Legalizing Pot May Take More Than a Vote in CA

In addition to picking a new governor, Californians next month will also decide if their state will be the first to legalize marijuana for recreational use. Even if Proposition 19 passes, the federal government almost certainly will challenge it.

Oakland's Oaksterdam University is all about one thing: marijuana. For students learning the finer points of pot production and cultivation, the timing couldn't be better.

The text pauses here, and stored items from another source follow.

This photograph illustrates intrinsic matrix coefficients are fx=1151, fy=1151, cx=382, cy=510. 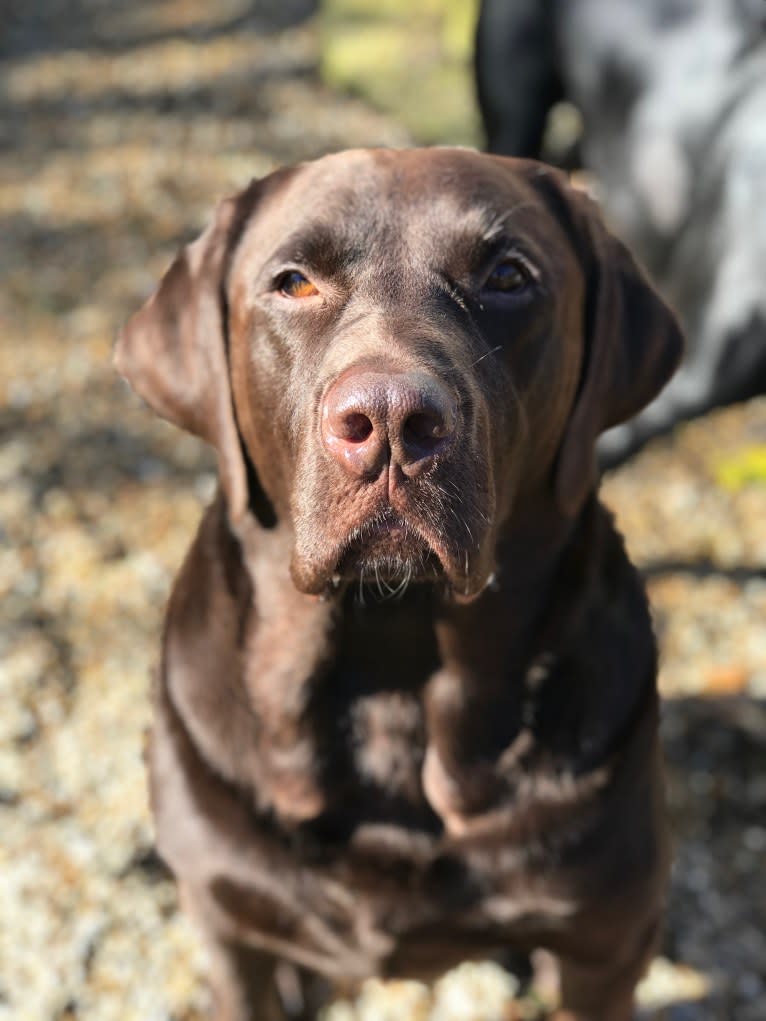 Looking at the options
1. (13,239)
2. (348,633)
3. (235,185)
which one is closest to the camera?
(348,633)

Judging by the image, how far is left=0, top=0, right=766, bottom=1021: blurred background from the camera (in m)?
2.45

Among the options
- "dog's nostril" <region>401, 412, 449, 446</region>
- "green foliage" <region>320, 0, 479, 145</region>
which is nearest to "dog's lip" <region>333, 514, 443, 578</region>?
"dog's nostril" <region>401, 412, 449, 446</region>

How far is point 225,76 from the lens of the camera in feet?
21.2

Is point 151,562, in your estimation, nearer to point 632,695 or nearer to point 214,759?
point 214,759

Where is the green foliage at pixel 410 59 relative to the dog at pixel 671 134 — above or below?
below

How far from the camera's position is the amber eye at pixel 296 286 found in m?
1.71

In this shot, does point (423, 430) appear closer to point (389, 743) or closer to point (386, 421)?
point (386, 421)

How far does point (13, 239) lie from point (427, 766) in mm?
3777

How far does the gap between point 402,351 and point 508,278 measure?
35cm

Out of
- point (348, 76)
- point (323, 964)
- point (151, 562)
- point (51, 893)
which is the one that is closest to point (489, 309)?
point (323, 964)

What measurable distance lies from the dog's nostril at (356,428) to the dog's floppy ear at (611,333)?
1.76 feet

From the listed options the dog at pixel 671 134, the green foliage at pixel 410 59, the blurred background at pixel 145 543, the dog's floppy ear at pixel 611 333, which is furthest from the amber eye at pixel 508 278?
the green foliage at pixel 410 59

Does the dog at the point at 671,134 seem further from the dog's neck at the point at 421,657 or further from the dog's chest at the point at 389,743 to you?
the dog's chest at the point at 389,743

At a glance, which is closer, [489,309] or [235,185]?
[489,309] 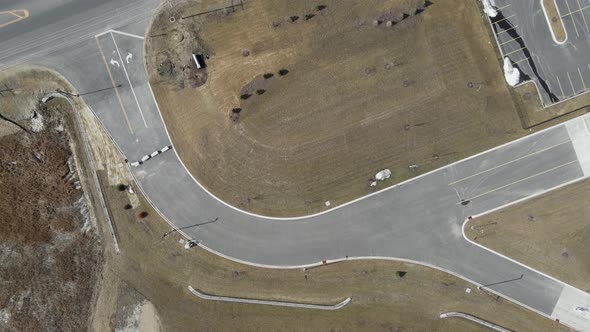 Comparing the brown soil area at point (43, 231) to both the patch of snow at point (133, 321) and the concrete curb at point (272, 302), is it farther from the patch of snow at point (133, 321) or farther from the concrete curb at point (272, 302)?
the concrete curb at point (272, 302)

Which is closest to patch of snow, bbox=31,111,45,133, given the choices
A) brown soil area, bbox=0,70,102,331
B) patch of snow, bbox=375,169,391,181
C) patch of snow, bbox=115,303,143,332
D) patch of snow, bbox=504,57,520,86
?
brown soil area, bbox=0,70,102,331

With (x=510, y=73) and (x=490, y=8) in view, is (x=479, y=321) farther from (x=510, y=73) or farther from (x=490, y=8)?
(x=490, y=8)

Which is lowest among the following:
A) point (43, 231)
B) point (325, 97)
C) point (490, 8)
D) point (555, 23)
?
point (43, 231)

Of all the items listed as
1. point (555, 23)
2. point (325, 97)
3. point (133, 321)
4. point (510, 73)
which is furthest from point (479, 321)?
point (133, 321)

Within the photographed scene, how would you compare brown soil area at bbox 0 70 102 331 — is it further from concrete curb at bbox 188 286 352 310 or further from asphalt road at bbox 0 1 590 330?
concrete curb at bbox 188 286 352 310

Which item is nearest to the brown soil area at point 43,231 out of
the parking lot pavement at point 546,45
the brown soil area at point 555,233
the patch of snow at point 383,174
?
the patch of snow at point 383,174

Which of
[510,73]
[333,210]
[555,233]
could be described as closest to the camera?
[510,73] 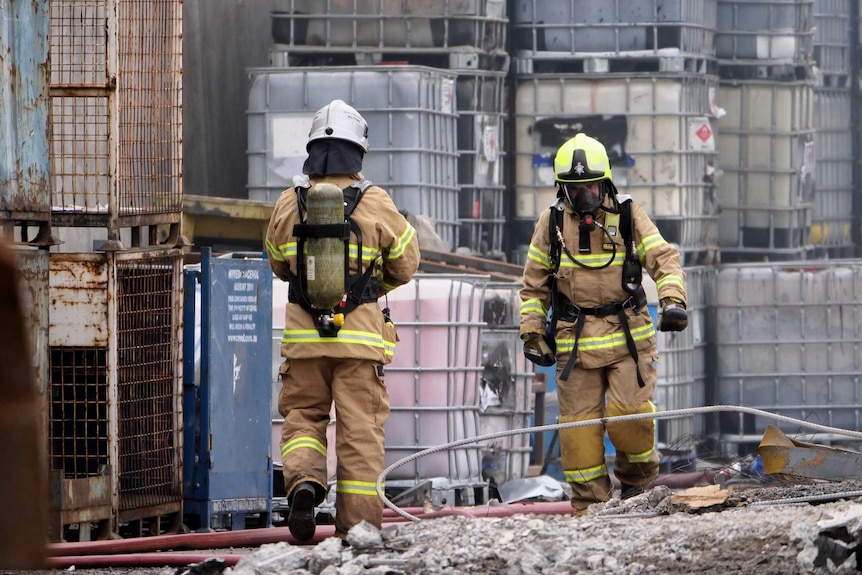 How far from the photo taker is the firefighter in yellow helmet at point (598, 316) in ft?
23.6

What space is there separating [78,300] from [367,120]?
3.92m

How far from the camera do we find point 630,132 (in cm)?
1180

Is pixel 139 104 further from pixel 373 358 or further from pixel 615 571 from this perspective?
pixel 615 571

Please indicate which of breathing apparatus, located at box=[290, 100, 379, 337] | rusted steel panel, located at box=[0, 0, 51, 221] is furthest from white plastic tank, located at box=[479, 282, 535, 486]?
rusted steel panel, located at box=[0, 0, 51, 221]

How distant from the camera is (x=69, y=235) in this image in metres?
8.58

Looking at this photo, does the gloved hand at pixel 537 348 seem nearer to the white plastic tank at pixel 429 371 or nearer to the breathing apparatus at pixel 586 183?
the breathing apparatus at pixel 586 183

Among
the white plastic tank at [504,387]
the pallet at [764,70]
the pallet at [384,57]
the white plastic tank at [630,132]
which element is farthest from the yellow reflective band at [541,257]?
the pallet at [764,70]

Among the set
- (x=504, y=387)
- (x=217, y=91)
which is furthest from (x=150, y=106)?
(x=217, y=91)

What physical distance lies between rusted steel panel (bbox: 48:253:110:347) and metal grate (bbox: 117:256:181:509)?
0.14m

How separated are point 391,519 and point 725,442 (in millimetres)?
4024

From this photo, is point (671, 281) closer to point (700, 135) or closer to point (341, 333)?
point (341, 333)

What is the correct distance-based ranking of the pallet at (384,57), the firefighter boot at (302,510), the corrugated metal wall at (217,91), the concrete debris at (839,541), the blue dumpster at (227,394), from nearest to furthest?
the concrete debris at (839,541), the firefighter boot at (302,510), the blue dumpster at (227,394), the corrugated metal wall at (217,91), the pallet at (384,57)

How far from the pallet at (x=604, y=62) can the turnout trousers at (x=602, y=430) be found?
16.0ft

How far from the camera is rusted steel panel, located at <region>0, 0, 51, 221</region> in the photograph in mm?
6715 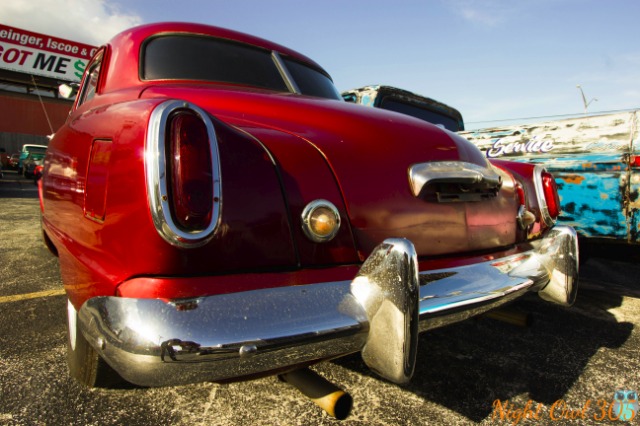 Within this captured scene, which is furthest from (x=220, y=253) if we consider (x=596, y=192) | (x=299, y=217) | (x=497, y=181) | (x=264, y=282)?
(x=596, y=192)

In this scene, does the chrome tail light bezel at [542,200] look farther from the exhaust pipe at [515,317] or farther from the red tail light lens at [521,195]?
the exhaust pipe at [515,317]

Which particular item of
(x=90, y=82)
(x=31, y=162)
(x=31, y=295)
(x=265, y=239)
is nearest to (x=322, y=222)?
(x=265, y=239)

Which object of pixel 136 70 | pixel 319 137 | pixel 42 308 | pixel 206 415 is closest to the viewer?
pixel 319 137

"I have high aspirations for this industry and where it's going to go," says student Pete Dimopoulos.

Marijuana Nation: The New War Over Weed

Proposition 19 would allow adults 21 and older to grow marijuana at home and possess up to an ounce for personal use. Individual cities would be free to regulate and tax sales.

"We have a whole new economy that can flourish here in California around cannabis," says Dale Sky Jones, executive chancellor of Oaksterdam University.

Proponents argue that marijuana sales could haul in $1.4 billion dollars in tax revenues, reports CBS News correspondent Bill Whitaker.

That's a major reason why one of the state's largest unions has endorsed legalization. The California chapter of the NAACP is behind it too, along with at least two former big city police chiefs.

Former San Jose police chief Joseph McNamara says, "It diverts the police from their primary duties to protect life and property. People are not terrified about pot smoking in their neighborhood."

California has long been on the cutting edge when it comes to pot. Fourteen years ago, voters approved the use of medical marijuana and recently, Gov. Arnold Schwarzenegger relaxed penalties for pot possession.

Even though he famously inhaled as a body builder, Schwarzenegger says Proposition 19 would turn the state into a laughingstock.

Believe it or not, the measure has sparked high anxiety at some medical marijuana shops.

"We are not sure what our business will look like post-Prop 19," says Daniel Bornstein from Medithrive Medical Marijuana Provider.

For employers, the law could create a giant headache. Employees couldn't be fired for smoking pot unless employers prove that the drug impaired job performance.

"So it does open the door for the ability of employees to smoke pot at work," says Denise Davis of the California Chamber of Commerce.

Even if it passes, pot would still be illegal under federal drug laws, so it's likely Prop 19 will be challenged in court. That means the whole controversial issue could just go up in smoke.